──────── Provided material ────────
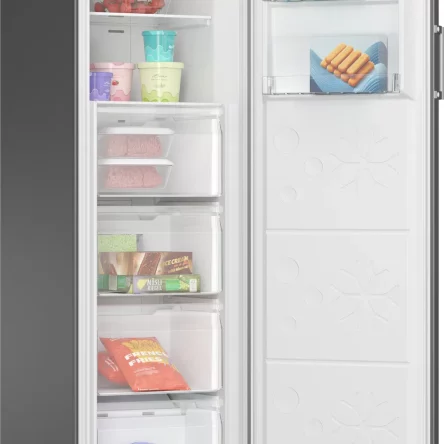 Siguro UF-D241S Ideal NoFrost fagyasztószekrény vagy Hűtőszekrény variáció, 206L.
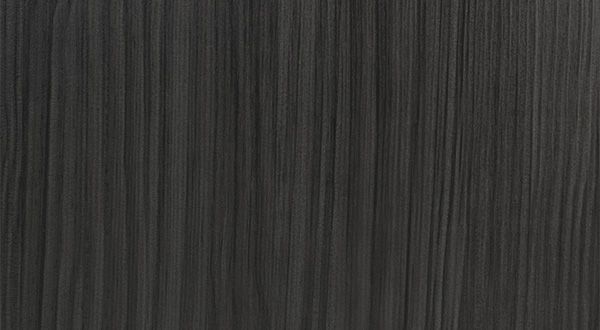 Dark gray wood grain texture with vertical lines.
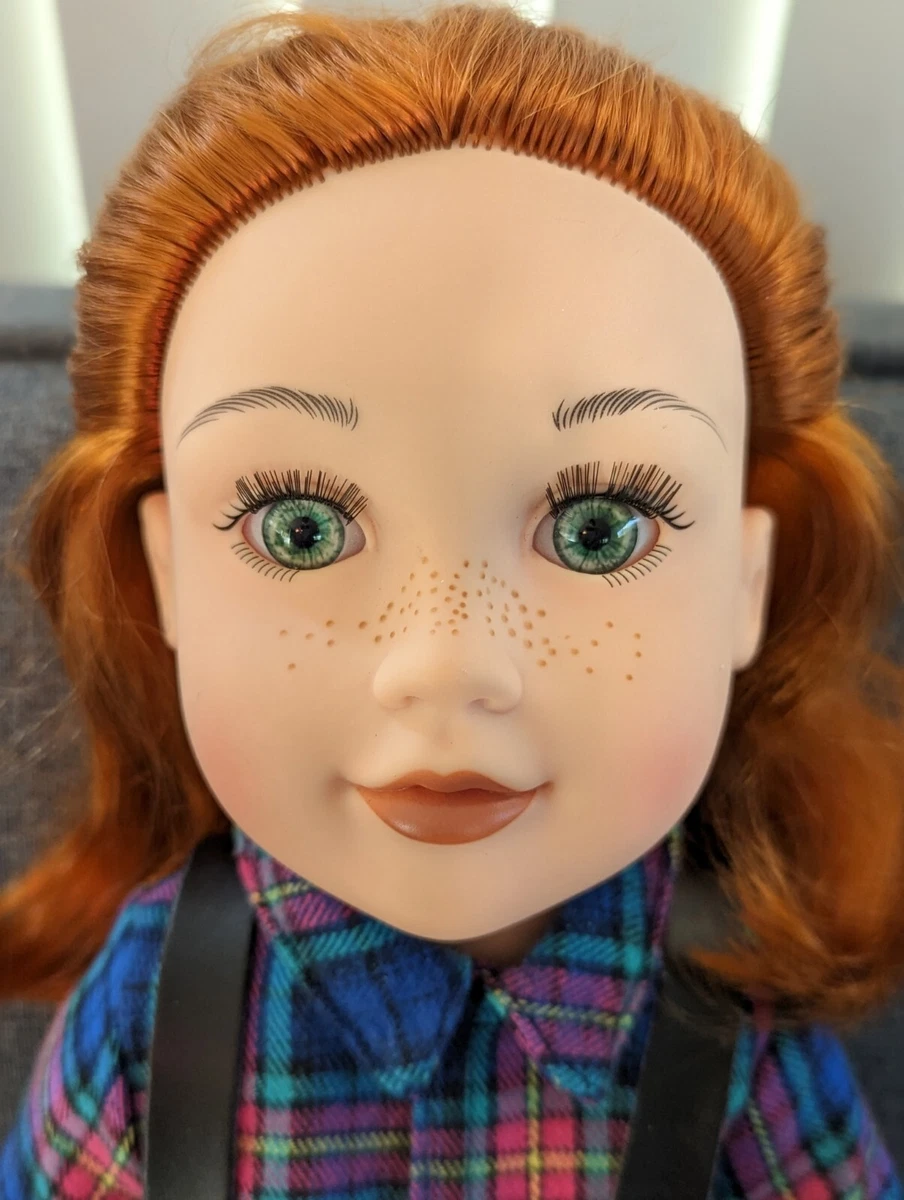Journey Girl Red Hair Doll Freckles Kelsey 18 outfits eBay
────────
* _Your goal_
What is needed is an exact copy of all the data, with no images in it.

* _Output of the exercise_
 Siguro UF-D241S Ideal NoFrost fagyasztószekrény vagy Hűtőszekrény variáció, 206L.
 Dark gray wood grain texture with vertical lines.
Journey Girl Red Hair Doll Freckles Kelsey 18 outfits eBay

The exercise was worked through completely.